* _Collected data_:
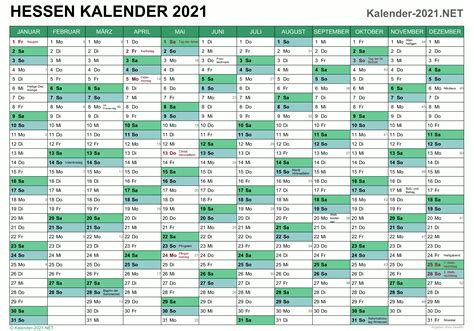 Übersichtlicher jahreskalender von 2021, die daten werden pro monat gezeigt einschließlich der kalenderwochen. Kalender 2021 Hessen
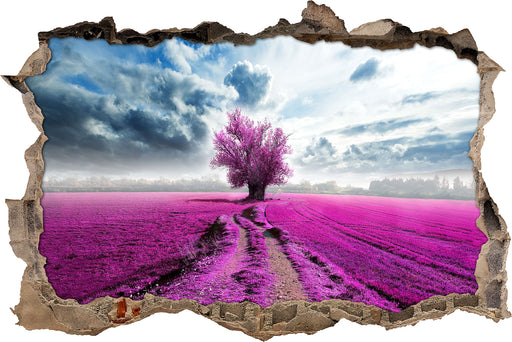 Pinkes Feld mit pinkem Baum  3D Wandtattoo Wanddurchbruch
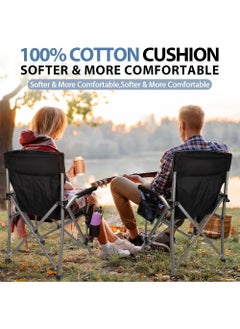 Rock Pow Outdoor Portable Camping Chair Lightweight Folding Camping Chair Heavy Duty Support 145KG High Back Padded Lawn Chair with Arm Rest Cup Holder and Portable Carrying Bag  - Image 5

* _Work to be completed_: Please set down the whole listing exactly, apart from the pictures.

* _Written answer_:
 Übersichtlicher jahreskalender von 2021, die daten werden pro monat gezeigt einschließlich der kalenderwochen. Kalender 2021 Hessen
 Pinkes Feld mit pinkem Baum  3D Wandtattoo Wanddurchbruch
 Rock Pow Outdoor Portable Camping Chair Lightweight Folding Camping Chair Heavy Duty Support 145KG High Back Padded Lawn Chair with Arm Rest Cup Holder and Portable Carrying Bag  - Image 5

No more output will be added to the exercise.